**Records for processing**
• • •

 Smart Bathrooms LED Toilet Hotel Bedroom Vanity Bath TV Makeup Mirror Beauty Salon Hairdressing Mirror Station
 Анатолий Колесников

• • •

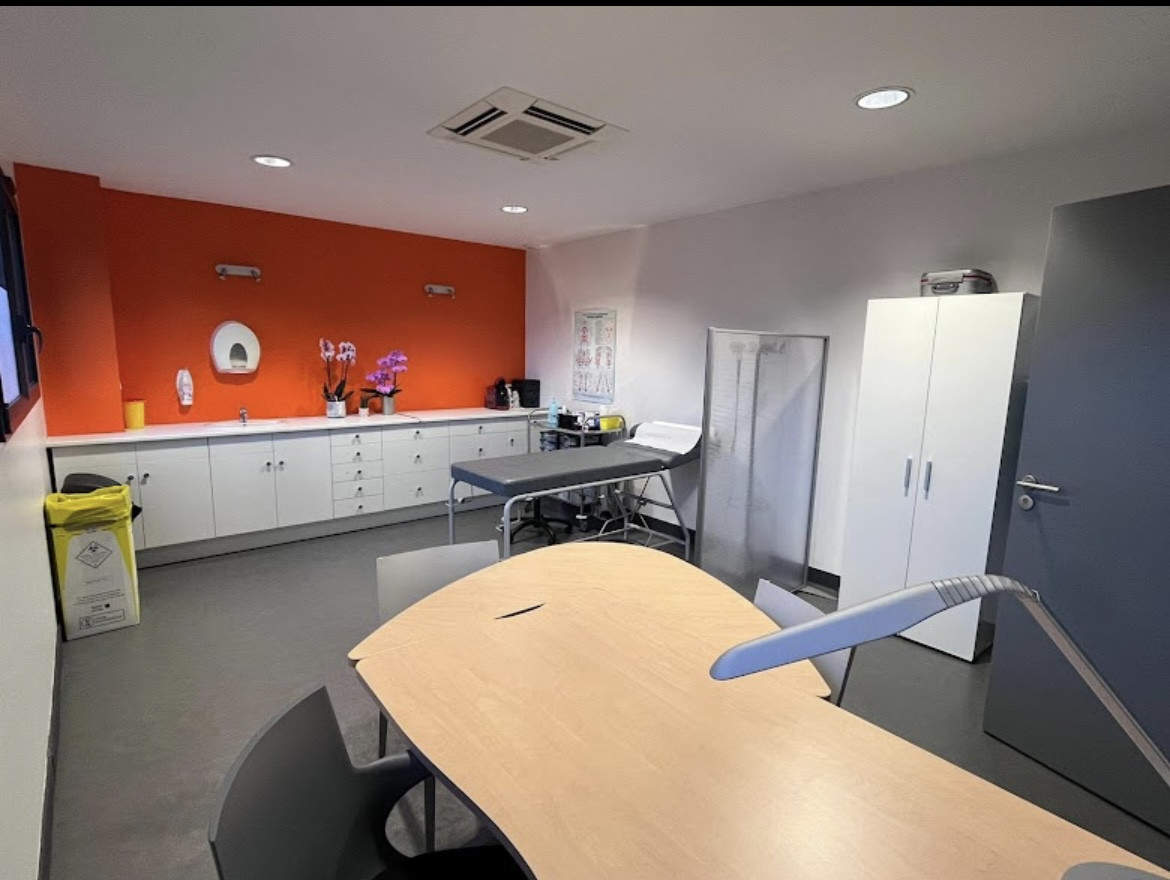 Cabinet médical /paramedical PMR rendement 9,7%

• • •

**Task prompt**
In the entries above, find the line holding "Smart Bathrooms LED" and the line holding "Анатолий Колесников", then retype exactly those two lines and every line between them, and nothing else.

**Answer to the problem**
 Smart Bathrooms LED Toilet Hotel Bedroom Vanity Bath TV Makeup Mirror Beauty Salon Hairdressing Mirror Station
 Анатолий Колесников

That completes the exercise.